Once upon a time a scientist broke the rats in his laboratory into random groups. The rats in the first group were placed one by one in a big tank of water made opaque with milk. They had to swim for a set amount of time. These rats were the lucky ones, since their tank had a tiny island hidden under the water on which they could perch without having to swim. Their island was always in a fixed location in the tank, there for them to find without fail, a way of getting a tiny leg up and a respite from the swim.
The rats in the second group swam for exactly the same amount of time in the milky water as those in the first group. But their tank had no island, no oasis amid the vast vat. After their swims, the rats in both groups were plucked from the water, weary and bedraggled. Both groups then rested, ate, and otherwise recuperated before the real Rat Race.

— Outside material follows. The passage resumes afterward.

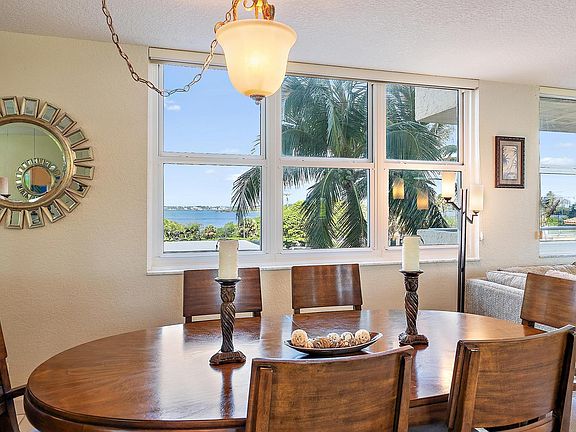 3rd image of 5440 N Ocean Drive #202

When the big day came, both groups of rats were at it again. The researcher once again made them swim one by one. But this time all the rats swam in a tank without an island. Much as they swam, there was simply no oasis to be found, no respite from having to paddle like mad just to stay afloat. The researcher rescued them before their whiskered noses slipped beneath the water. Then he carefully recorded precisely where and for how long each rat swam before returning it to its cage, wet and waterlogged, probably surprised to be alive.
When the scientist tallied up the time each rat spent in the tank, imagine how surprised he was. He found that those lucky rodent racers whose island had been there for them the first time swam for over twice as long, looking for the island where it had previously been. In contrast, those who had never found a predictable foothold in their hour of need were reduced to wandering aimlessly around the tank, swimming in seemingly directionless circles, chasing their tails in vain as they looked for a means of escape.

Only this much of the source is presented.